Eight condemned prisoners given stay of execution due to poison going past its expiry date

Death row (AP Photo/Ben Margot, File)

Eight condemned prisoners scheduled to be executed in April, have received a stay of execution due to a lack of new poison, and the old having gone past its expiry date.

On Tuesday, a federal judge in Arkansas said the eight death row Inmates should get extra time, with two of them receiving an opportunity to prepare applications for a pardon.

Ahead of the decision, authorities in Arkansas pointed out that only a little extra time can actually mean quite a lot of extra time. Two of the prisoners had had their execution dates set for Wednesday, April 30th.
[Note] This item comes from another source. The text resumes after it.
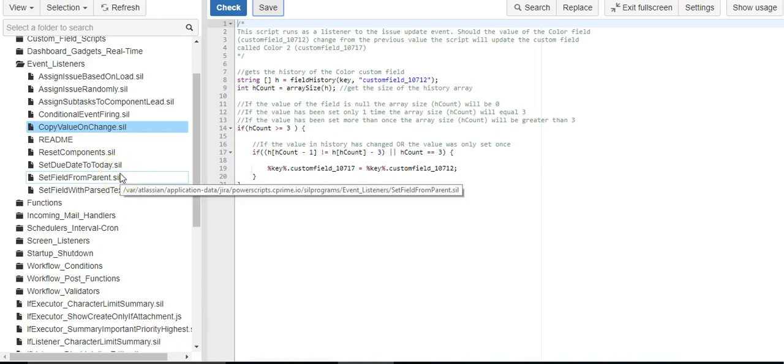Today we're going to see how we can copy the value from one custom field to the value of another custom field in Jira using Power Scripts from CPrime.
The State lawyers said that the condemned prisoners are fully aware of this, and that Arkansas doesn’t presently have access to the poison, midazolam. Thus, on Monday morning, the review body stated that it would be impossible to execute the eight condemned on the 30th of April.

The executions were originally scheduled for the 17th of April, two by two in four death-doubles. Over the past 40 years, only the southern State of Texas implemented a similar type of execution schedule, when in 1997 they executed two groups of eight death row inmates in a single month.

Arkansas hasn’t executed anyone since 2005, due to two complications surrounding the law of poisonous injection, and trouble in getting all the chemicals necessary.